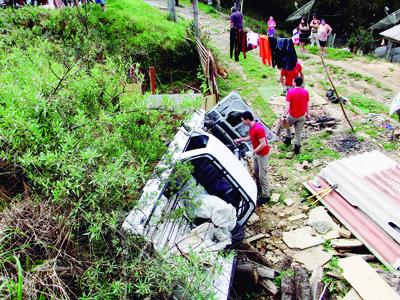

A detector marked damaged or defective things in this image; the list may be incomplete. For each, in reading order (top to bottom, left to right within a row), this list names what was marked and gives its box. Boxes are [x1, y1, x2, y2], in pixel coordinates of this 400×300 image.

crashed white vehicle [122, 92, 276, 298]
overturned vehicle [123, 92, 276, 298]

...

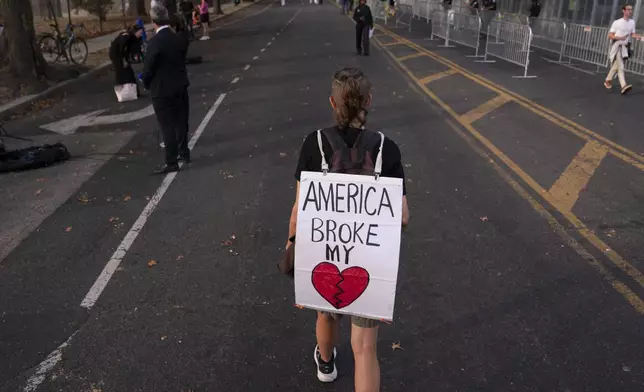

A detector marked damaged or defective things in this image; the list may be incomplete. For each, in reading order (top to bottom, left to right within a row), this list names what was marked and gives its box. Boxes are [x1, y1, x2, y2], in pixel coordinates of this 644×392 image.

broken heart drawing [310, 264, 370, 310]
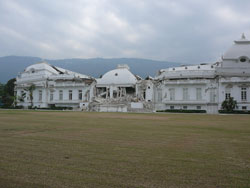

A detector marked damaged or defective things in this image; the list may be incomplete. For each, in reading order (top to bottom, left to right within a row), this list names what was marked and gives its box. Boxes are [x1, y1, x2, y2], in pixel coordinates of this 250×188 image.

→ **DIRECTIONS**: Would you output the lines above from the line holding "this 644×392 image." up to and including the line holding "this 250×188 image.", exactly and only those, with no pictures?

→ **SOLUTION**:
A detector marked damaged or defective things in this image; the list may be incomplete. For each, in reading order (top to bottom, left to right within a row), this list names what was marked and gives its box. Boxes are [x1, y1, x2, y2], in pixel coordinates of this 644×392 image.

broken heart drawing [310, 264, 370, 310]

A detector marked damaged or defective things in this image; the list may be incomplete. For each, in reading order (top to bottom, left to right within a row), this list names what was marked and gives its box. Boxes are [x1, y1, x2, y2], in pixel coordinates of this 250×188 image.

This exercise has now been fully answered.